09.06.1981 – 31.5.1985 döneminde Tekirdağ’’da Valilik yapan, 17 Ağustos 2023 tarihinde vefat eden Fethi Aytaç’ı bazı görüş ve düşüncelerini anımsatarak anmak istiyoruz. Aytaç’ın kendi ifadeleri ile yaşam öyküsü şöyledir:

      “1928 yılında Rumeli’de Güney Dobruca’da Hacıoğlu Pazarcık şehrinde (Bulgaristan)’ doğdum. Ailece 1941 yılında Türkiye’ye göç ettik ve Eskişehir’e yerleştik. Burada orta ve lise öğreniminin ardından Ankara Siyasal Bilgiler Fakültesi’nde yükseköğrenimimi yaptım. 1951 yılında mezuniyetimden hemen sonra Kütahya İli Maiyet Memuru olarak devlet memurluğuna adımımı attım. 1952 yılı sonbaharında yedek subaylığımdan sonra Eskişehir İli Maiyet Memuru, 1954 yılı sonunda asil kaymakam oldum. Sivas, Kangal, Gürün ilçeleri, Erzincan İliç, Eskişehir Mihalıççık, Gümüşhane Torul, Afyon Bolvadin ilçelerinde 1955 - 1964 yılları arasında Kaymakamlık yaptım. 1964 yılı sonunda İçişleri Bakanlığı Şube Müdürlüğü, 1965 - 1977 yıllarında Daire Başkanlığı, Genel Müdür Yardımcılığı, Genel Müdür Vekilliğinde bulundum. Ocak 1980’de Mahalli İdareler Genel Müdürü oldum. 1981 Haziran’ında Tekirdağ Valiliği’ne atandım. Haziran 1985’te zamanın siyasi iktidarı tarafından Merkez Valiliğine alındım. 1985 - 1990 öğretim yıllarında öğretim görevlisi olarak hocalık yaptım. 1992 yılı şubat ayında 2’inci kez Mahalli İdareler Genel Müdürü olarak görevlendirildim, yaş haddinden emekliye ayrıldığım 1 Temmuz 1993 tarihine kadar hizmet gördüm. 1999-2000 yıllarında Ankara’daki Tekirdağ Kültür ve Yardımlaşma Derneği’nin başkanlığını yaptım. 1955 yılı Aralık ayında evlendiğim eşim Mübeccel’den Orhan ve Oya adlı yavrularımız oldu. 1964 yılı sonlarından beri Ankara’da oturmaktayız. Açıklamalı Belediye Kanunu, Cumhuriyetin 50. yılında Mahalli İdareler, Açıklamalı Özel İdare Mevzuatı, Açıklamalı Köy Kanunu, Belediyelerimize Rehber, Merkezi İdareden Mahalli İdarelere Devredilecek Hizmetler, Mahalle Muhtarının El Kitabı adlı yayınlanmış kitaplarım vardır.”

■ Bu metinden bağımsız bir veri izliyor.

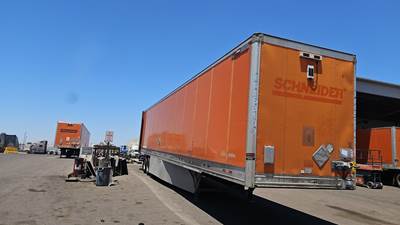 Great Dane 53 ft Dry Van Trailer - Swing Door, Spring Suspension, HAVCO Composite Floor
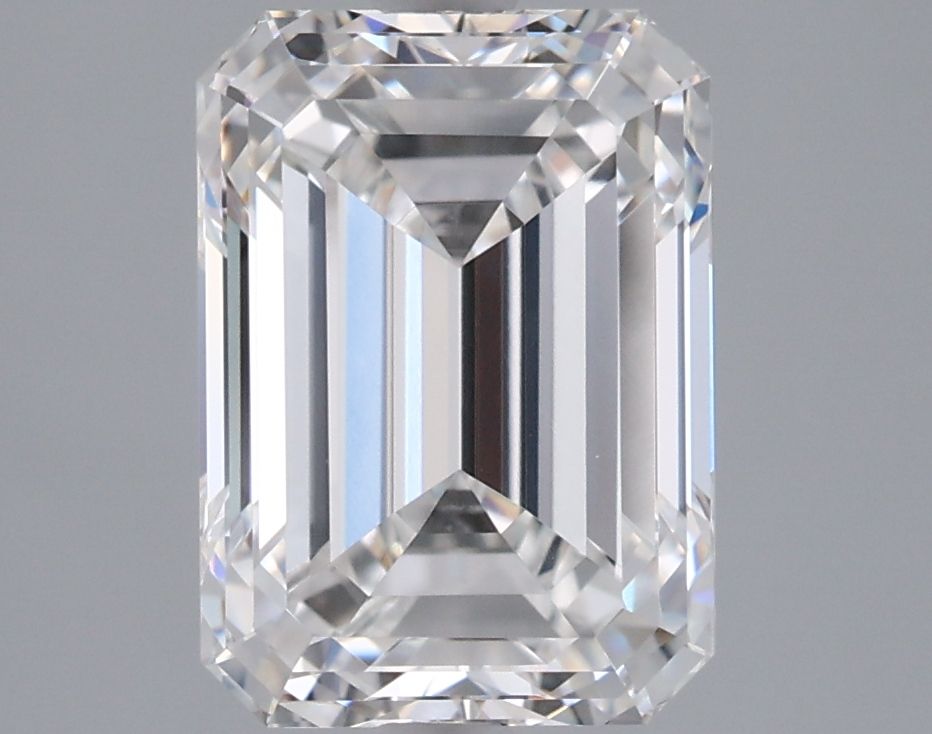 Lab Grown Diamond 2,98Ct D-VVS2 Emerald - IGILG800624394 1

        -1981 -1985 dönemi Tekirdağ Valisi Fethi Aytaç’ın Tekirdağ ve Tekirdağ halkı hakkında bazı görüş, düşünce ve anılarından bir demet sunmak istiyoruz.

         -Bakanlar Kurulu’nun 9.6.1981 gün ve 8/1093 sayılı kararı ile Tekirdağ Valiliği’ne atandım. Askeri bir dönemin atadığı bir vali idim. 

     -Tekirdağ'da en önemli yaptığımız iş halkla sağladığımız bütünleşme oldu. Öylesine ki 4 sene hizmet verdiğimiz Tekirdağ'da yaşadığımız 8 dini bayramın hiçbirinde ben ve eşim “başka yere” kaçmadık, Tekirdağ’lılarla beraber olmayı yeğledik. Bayramlarda evimiz dolup taştı.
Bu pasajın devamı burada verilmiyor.